_Given material_:

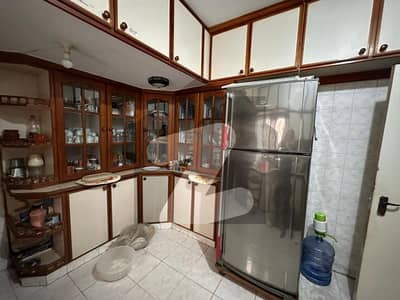 گلشنِ اقبال - بلاک 5 گلشنِ اقبال,گلشنِ اقبال ٹاؤن,کراچی میں 3 کمروں کا 6 مرلہ فلیٹ 1.12 کروڑ میں برائے فروخت۔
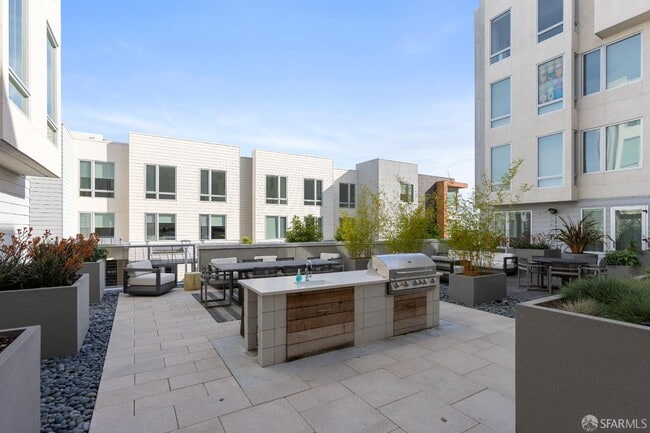 Building Photo - 10 Innes Ct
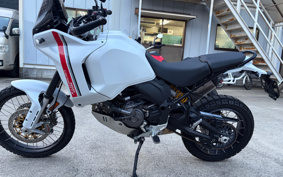DUCATI DESERT X 2024 1X00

_Aim of the exercise_:
Take the lines from the one containing "Building Photo - 10 Innes Ct" through the last line of the listing and repeat them exactly. Omit the pictures.

_Finished exercise_:
 Building Photo - 10 Innes Ct
DUCATI DESERT X 2024 1X00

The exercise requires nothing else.